The heater 10 generally includes a pair of end connectors 12, a body 14 with an exposed outer helical sheath 26. The body having a heating element 20 therein that is embedded or encased in insulative material 22. The heating element 20 used in conjunction with the present invention is preferably fabricated from nickel chromium wire. Preferably, the heating element 20 is in a coiled configuration. The insulation 22 is preferably magnesium oxide or other compositions that are known to a person of ordinary skill in the art.
A shell or inner sheath 24 preferably contains the heater element 20 and insulation 22. The inner sheath 24 is preferably fabricated from nickel that is used with a thickness of about 0.010 inches and preferably in the range of about 0.010 to about 0.025 inches. The inner sheath 24 preferably has an outer diameter of about 0.195 inches but may be in the range of about 0.140 to 0.350. Other sizes may also work in certain embodiments. The outer sheath 26 is preferably swaged on the inner sheath 24 and may comprise a single or a series of spring segments. The outer sheath 26 is preferably fabricated from nickel-plated copper. The outer swaged spring layer provides excellent heat conductivity from the inner sheath and heater element to the mold plate or other components in which the tubular heater 10 is mounted.
Because the outer spring layer 26 includes a plurality of windings when wrapped around the sheath 24, the outer sheath 26 also facilitates manual bending of the heater 10. When the outer spring layer 26 is placed over the shell 24, the heater 10 preferably has a diameter of about 0.315 inches but can be in the range of about 0.200 to about 0.500 inches. In a preferred embodiment where heater 10 has a diameter of about 0.315 inches, heater 10 is manually bendable to conform to radii in mold channels as small as about 0.25 inches.
One of the most important areas of conventional mold heaters is where the mold heater connects to a power supply because the relatively high level of power that passes through the mold heater results in degradation of the weakest portions of the mold heater such as often exists where the heating element intersects the end plug.
A connector 30 used with the tubular heater 10 preferably includes a threaded end connector 32 defining a bolt extending from the heater end.
A lead wire 36 extends between the heating element 20 and the bolt 32. The lead wire 36 is preferably fabricated from nickel. The lead wire 36 is preferably welded or brazed to the heating element 20. The lead wire 36 is preferably brazed to the bolt 32.

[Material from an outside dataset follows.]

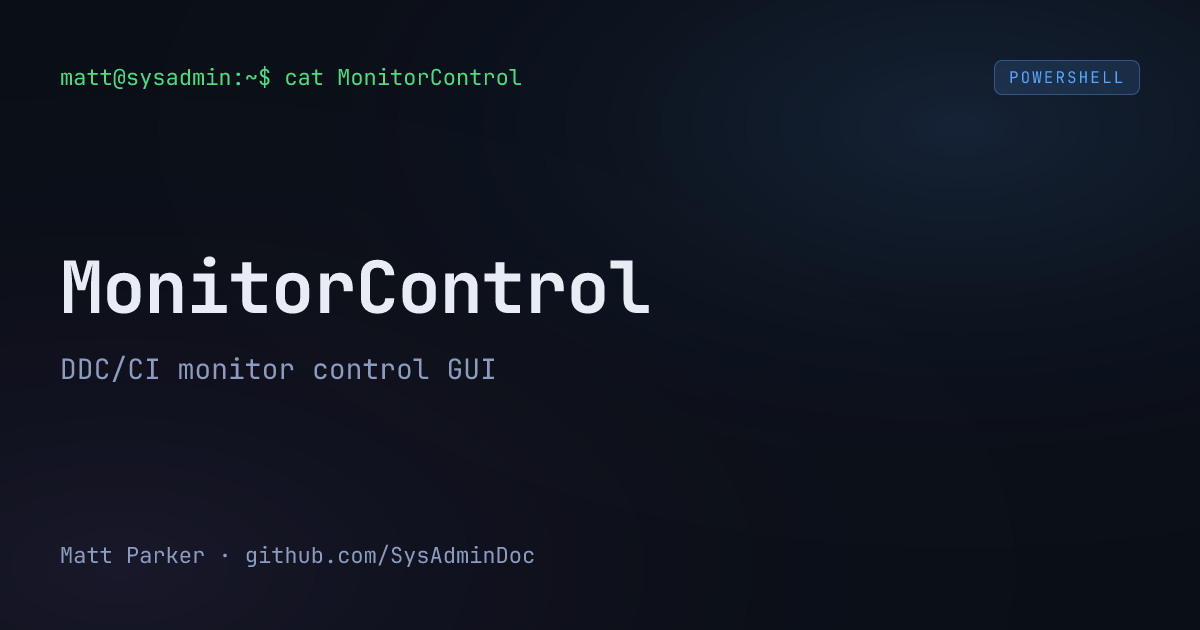 MonitorControl card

A high temperature ceramic preform 40 preferably extends over the lead wire 36. Crushed insulation 42 preferably magnesium oxide, may encase the lead wire 36 intermediate the ceramic perform 40 and the heater 10. A stainless steel cap 44 extends over the inner sheath and a reduced diameter end portion 45 of the ceramic preform 40. The ceramic preform may be secured in place with ceramic paste 46 and the nut 34 screwed on to the threaded portion.
A methodology of manufacturing the heater may be described as follows and includes variation hereto. As an initial step of forming the heater 10 of the present invention, a nickel plated round copper wire is formed into a coil on a form, and swaged on the form to provide a substantially cylindrical inner surface and outer surface. The swaged coil is then removed from the form and will be utilized as the outer sheath 26. This provides the coil with a generally rectangular cross section. The substantially cylindrical inner and outer surfaces are found to provide excellent heat conductivity between the inner and outer sheaths as well as between the outer sheath and the mold channel in which the heater is inserted.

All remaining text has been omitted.